Big Data Statistical Analysis
Course Syllabus
Course Title: Big Data Statistical Analysis
Instructor: Sewon Park
Email: swpark0413@sookmyung.ac.kr
Semester: Spring 2026
Class Time & Location: Monday & Wednesday, 10:00–11:50, Room B116, Changhak B
Office Hours: Wednesday 13:00–14:00 or by appointment
Course Description
This course introduces fundamental tools and methodologies for big data collection and processing. Building on prior knowledge of Python and statistics, students will learn practical data workflows using shell scripting, SQL, and distributed computing frameworks such as Apache Spark. Emphasis is placed on real-world applications including web crawling, text preprocessing, large-scale data analysis, and machine learning.
Learning Objectives
By the end of this course, students will be able to:
- Independently collect and analyze large-scale data for their own research questions.
- Communicate effectively with database professionals as a peer analyst.
- Build data analysis environments using Python and Linux.
- Perform data preprocessing and exploratory data analysis (EDA).
- Use SQL databases for structured data manipulation.
- Conduct distributed data processing using Apache Spark.
- Apply machine learning techniques to large-scale datasets.

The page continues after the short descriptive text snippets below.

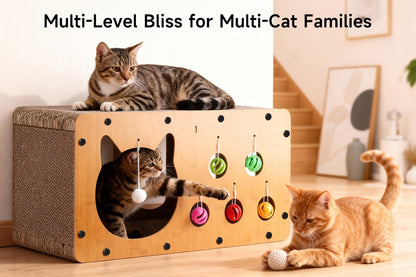 Cat Scratching Board with Interactive Rolling Ball – Multifunctional Cat Furniture for Scratching Playing & Resting, Sturdy Breathable Design, Perfect Cat Toy Gift for Indoor Cats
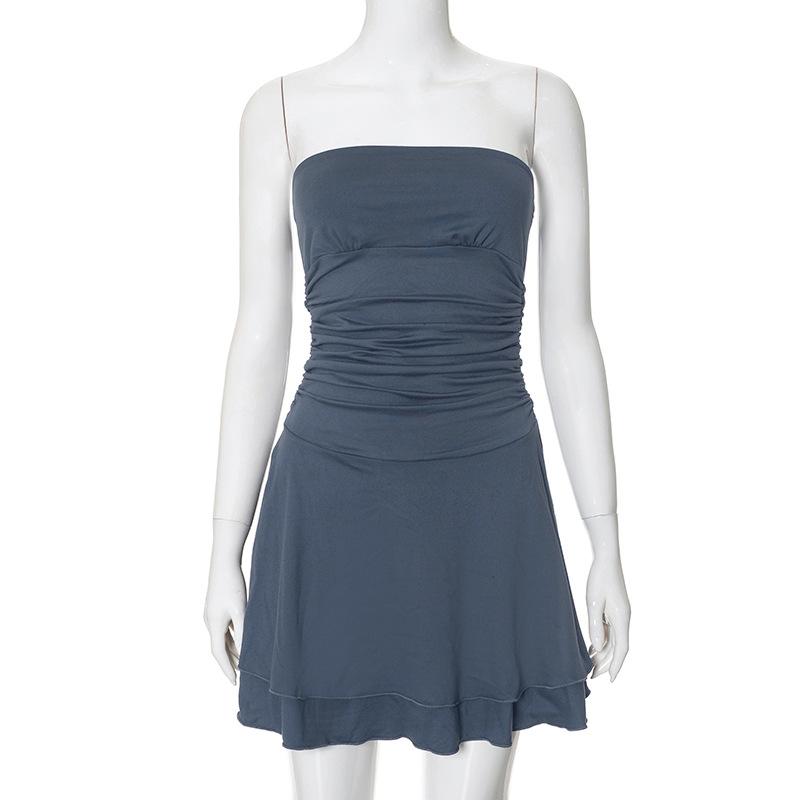 QICED Women Fashion Slim High Waist Pleated Skirt Solid Color Breast Dress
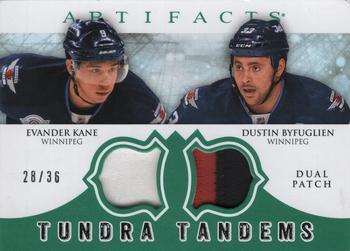 2012-13 Upper Deck Artifacts - Tundra Tandems Patches Emerald #TT-BK Dustin Byfuglien / Evander Kane Front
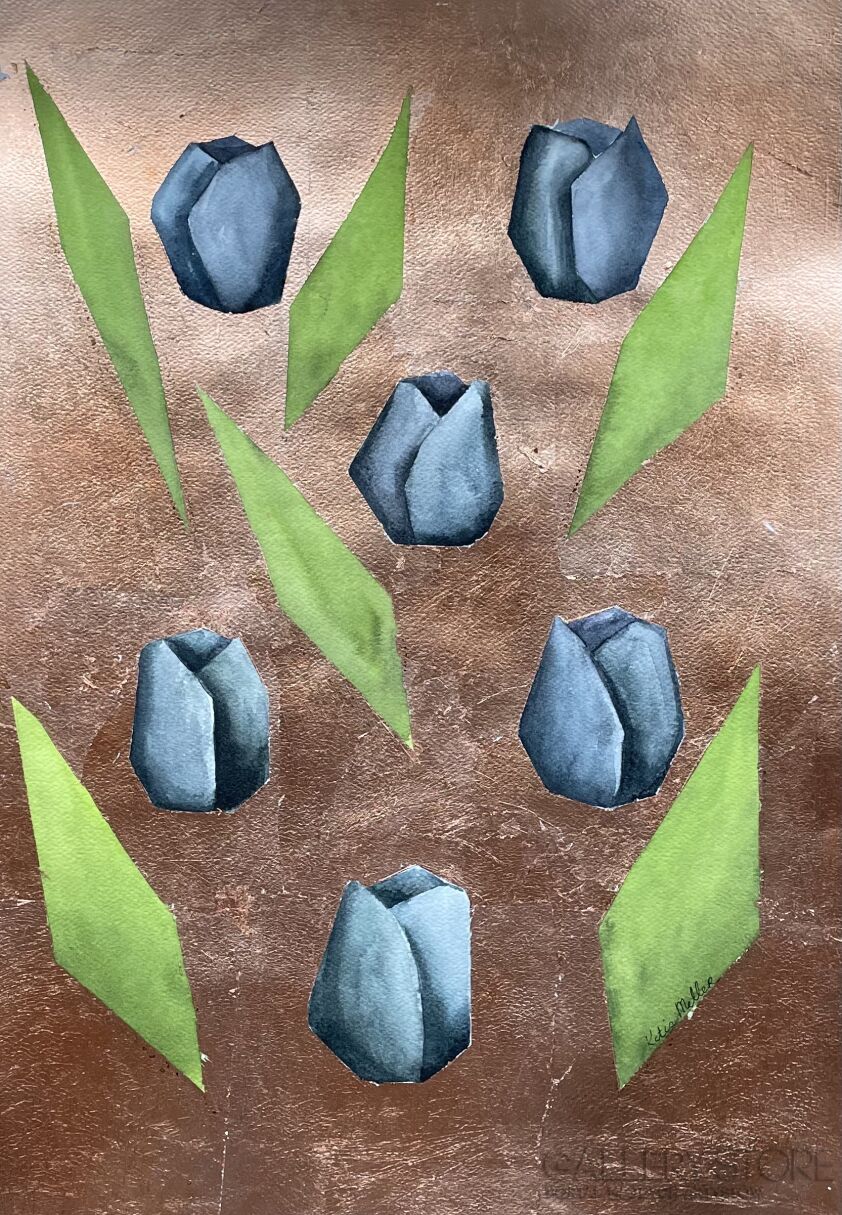 Katia Meller-Czarne Tulipany-Akwarela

- Understand parallel and GPU-based computation concepts.
Prerequisites
Students are expected to have:
- Prior coursework in statistics (e.g., regression analysis, multivariate analysis)
- Basic Python programming skills
Course Materials
Textbook
- No required textbook. Lecture notes will be provided.
References
- Jules Damji et al. (translated by Jong-young Park & Seong-su Lee), Learning Spark, 2nd ed., Jpub, 2022
Grading Policy
| Component | Times | Percentage |
|---|---|---|
| Attendance | — | 10% |
| Assignments | 7 | 35% |
| Project 1 | 1 | 10% |
| Project 2 | 1 | 10% |
| Final Project | 1 | 35% |
Weekly Schedule
| Week | Topic |
|---|---|
| 1 | Orientation |
| 2 | Python & Linux Environment Setup; Understanding Linux/Unix |
| 3 | Shell Scripting; NumPy & Pandas Basics |
| 4 | Web Data Collection: Static & Dynamic HTML Crawling |
| 5 | Open API Data Collection; Text Preprocessing & Regular Expressions |
| 6 | MySQL Fundamentals |
| 7 | MySQL Advanced: Table Joins |
| 8 | Spark Fundamentals: Installation, Environment Setup, Data I/O |
| 9 | Spark SQL: DataFrames & Distributed Queries |
| 10 | Spark Analysis: Preprocessing, EDA & Visualization |
| 11 | Spark Machine Learning: Supervised/Unsupervised & Evaluation |
| 12 | Spark NLP & Text Analytics |
| 13 | Kafka: Installation, Environment Setup & Structured Streaming |
| 14 | PyTorch Basics; CPU vs GPU; Parallel Processing |
| 15 | WandB & DeepSpeed Introduction; Final Project Evaluation |